Doch nun, da Stieger hier am Ufer steht und auf den Krach wartet, steht der wind ungünstig – jedenfalls für ihn und sein Anliegen: es ist kaum etwas zu hören.
Als Stieger Anfang 2007 zum ersten Mal von der Errichtung einer Schredderanlage gehört hatte, säumte das gegenüberliegende Ufer des Quenzsees noch ein Galeriewald. Der musste einer 290 Meter langen Kaianlage für den Schrottplatz weichen. „Im Landschaftsschutzgebiet“, sagt Stieger. Zwei Lastschiffe, je 1300 Tonnen Tragfähigkeit passen heute dort hintereinander. Vom Umweltamt erfuhr Stieger seinerzeit, dass die geplante Recycling-Anlage 895 000 Tonnen Schrott verarbeiten soll.
Der Wald wurde schon abgeholzt, als die Baugenehmigung nach Stiegers Worten noch gar nicht vorlag. Aus dem Umweltamt erfuhr er, dass der vorzeitige Baubeginn durch Teilgenehmigungen erfolgt war. Der Anwalt meldete erneut Bedenken an, erfuhr aber schlussendlich, dass die gesamte Anlage inzwischen genehmigt worden war.
Als die Anlage im vorigen Herbst den Probebetrieb aufnahm, wurden erstmals auch andere Anwohner aufmerksam.
Kerstin Müschner, Referatsleiterin Überwachung vom Landesumweltamt (LUA), stellte fest, dass Beschwerden hagelte, obwohl der Metall-Schredder noch nichtmal unter voller Leistung arbeitete.

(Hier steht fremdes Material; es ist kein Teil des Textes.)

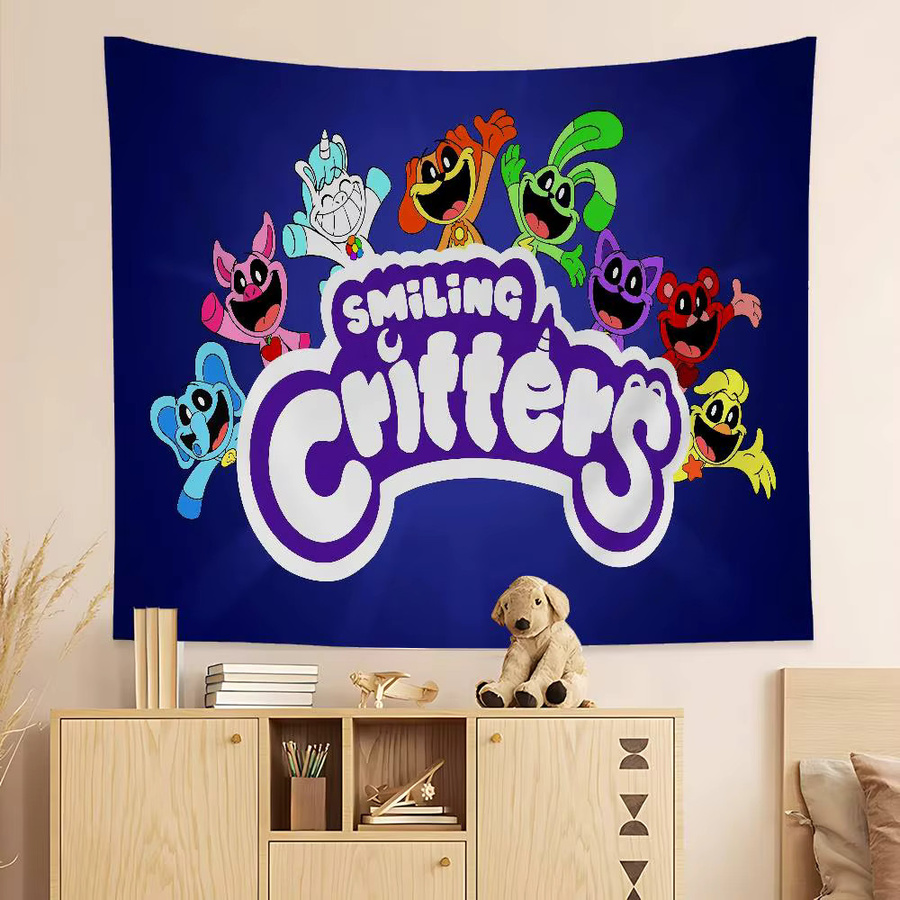 Smiling Critters Cartoon Wandteppich von Potdemiel im böhmischen Hippie-Design, Wandbehang Multicolor, Rechteckig - Bild 4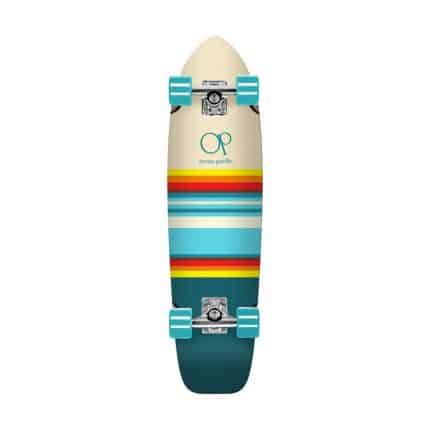 OCEAN PACIFIC swell skateboard 8.25" μπεζ, γαλάζιο με ρίγες και logo.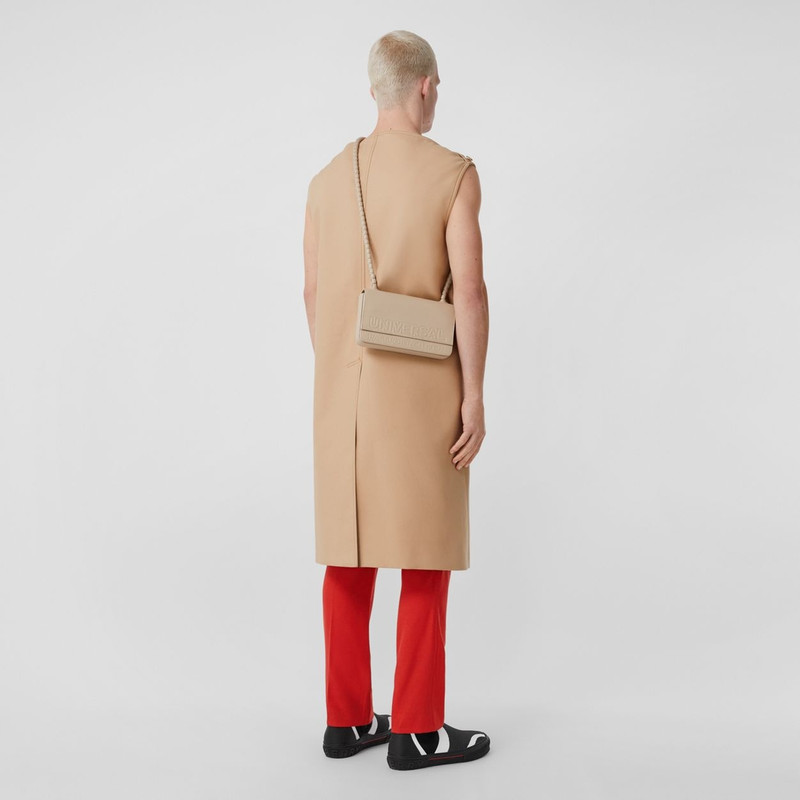 Embossed Slogan Leather Crossbody Bag 6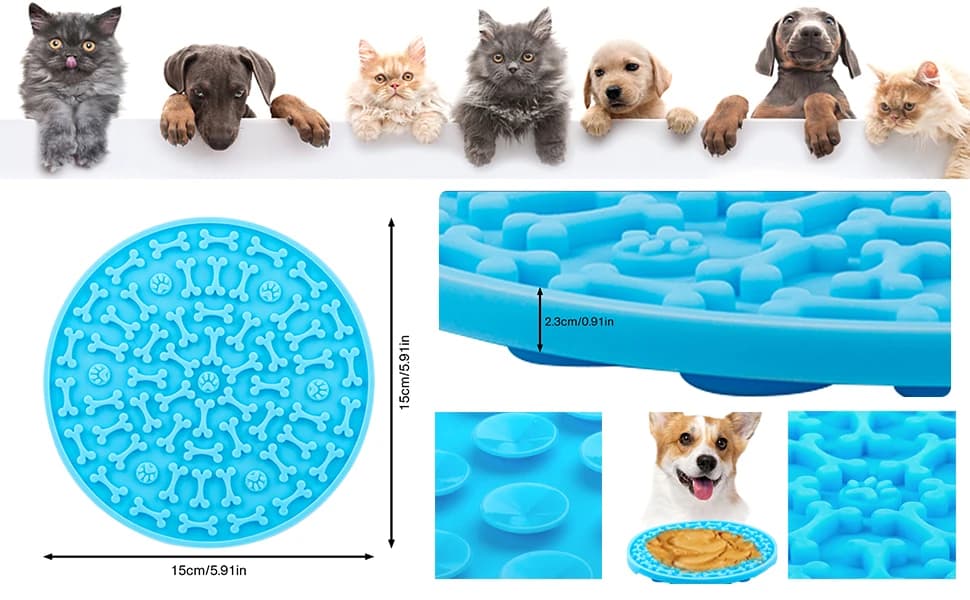 Dog Lick Pad, Pet Bathing Grooming Distraction Wall Mounted Silicone Slow Feeder Mat with Strong Suction, 2 Pack — product details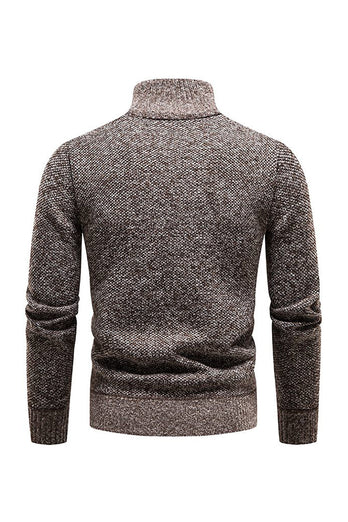 Burgundy Men's Casual Stand Collar Sweater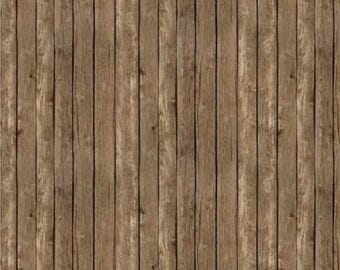 Brown Wood Grain Cotton Quilt Fabric - Landscape Medley by Elizabeth Studio - Quality Fabric - Rustic Paneling Print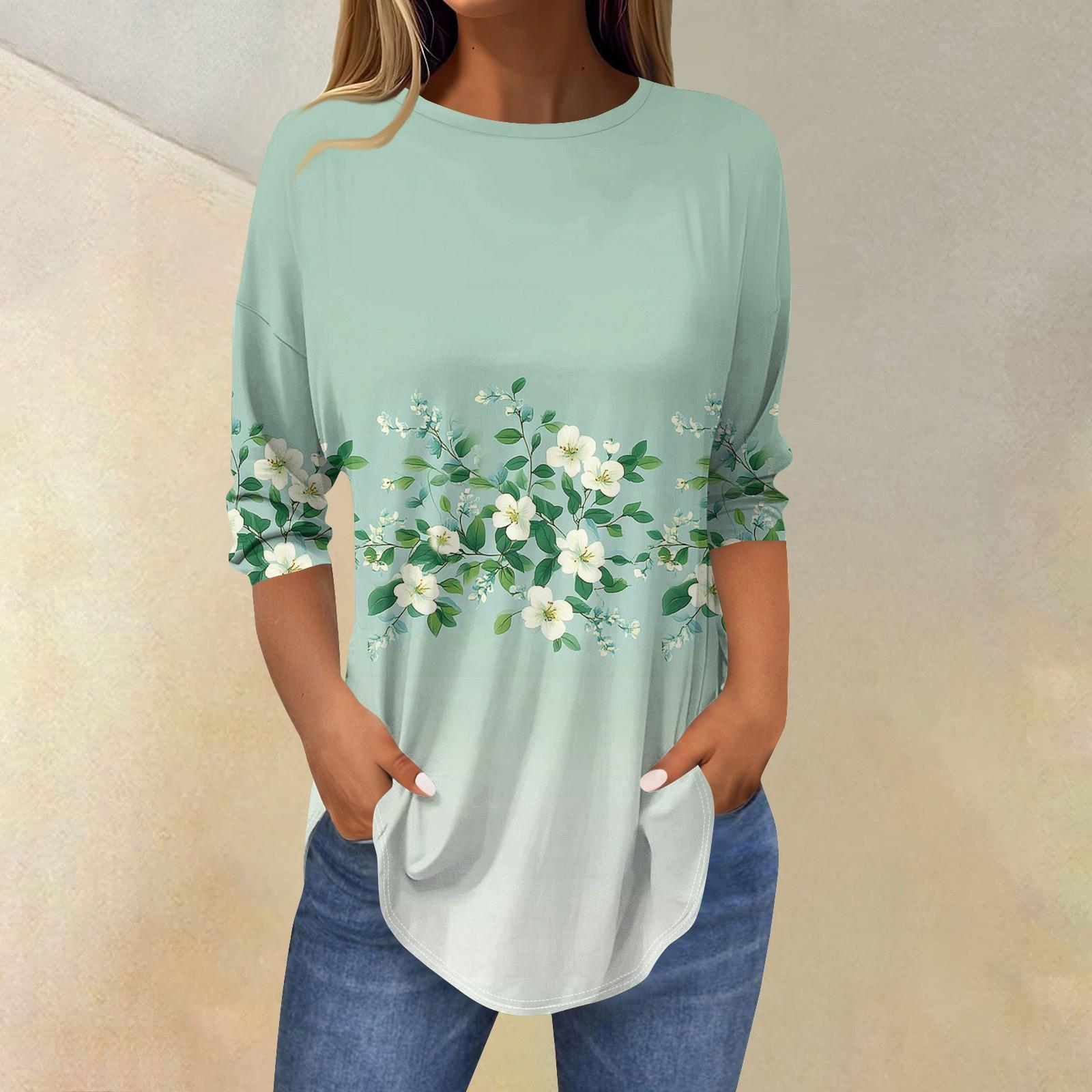 

Женские футболки с рукавами 3/4, однотонные пуловеры, летние весенние топы, блузки XXXL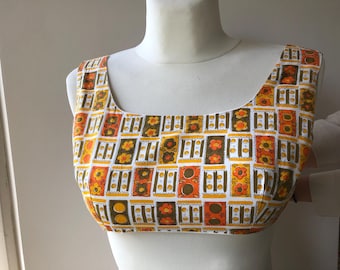 Conjunto de lencería babydoll vintage de los años 60. Sujetador y camisón de algodón estampado. Talla S.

Nicht nur Stiegers Nachbarn aus Falkenbergswerder beklagen sich, den „ohrenbetäubenden Lärm“ wollen selbst Bewohner eines anderthalb Kilometer entfernten Wohngebiets hören. Von einem sonoren, steten Summton ist die Rede, als wenn ein Generator läuft, begleitet von Scheppergeräuschen, die durch fallen gelassene Schrottteile verursacht werden. Und als Zugabe hallen die Huptöne und Sirenen der Kräne über den See. Eine Nachbarin berichtet, wie sie an der Wasseroberfläche ihres Aquariums die Erschütterungen sehen konnte. Neuartigen Staub auf Autos, Dächern und Blättern sowie metallischen Geruch haben Anwohner ebenfalls beklagt, seitdem geschreddert wird. „Seit der Inbetriebnahme ist fast wöchentlich ein Mitarbeiter am Quenzsee“, sagt LUA-Mitarbeiterin Müschner. „Anhaltspunkte, die auf eine Überschreitung der zulässigen Werte deuten, konnten wir nicht feststellen.“ Ende Februar schickte das Umweltamt drei Mitarbeiter einen ganzen Tag lang zu einer „Beschwerdeführerin“, um Lärm- und Schwingungen im sowie am Wohnhaus zu messen, berichtet Müschner. Zur gleichen Zeit habe ein Kollege am anderen Ufer neben dem Schredder gestanden und aufgepasst, dass der nicht leer läuft. „Diese Messergebnisse stehen aber noch aus.“
Am 6. März war die Widerspruchsfrist für das Genehmigungsverfahren abgelaufen. Dirk Stieger fühlt sich, wie viele seiner Nachbarn, von Behörden und Betreibern über den Tisch gezogen. Die Ankündigung, solch einen Schredder aufzustellen, stand lediglich im Amtsblatt. „Wer liest das schon?“ 50 Arbeitsplätze soll das Unternehmen als Holzkeulen-Argument gebracht haben. Die weltgrößte Metallschredderanlage in England hat 17“, weiß Stieger aus dem Fernsehen.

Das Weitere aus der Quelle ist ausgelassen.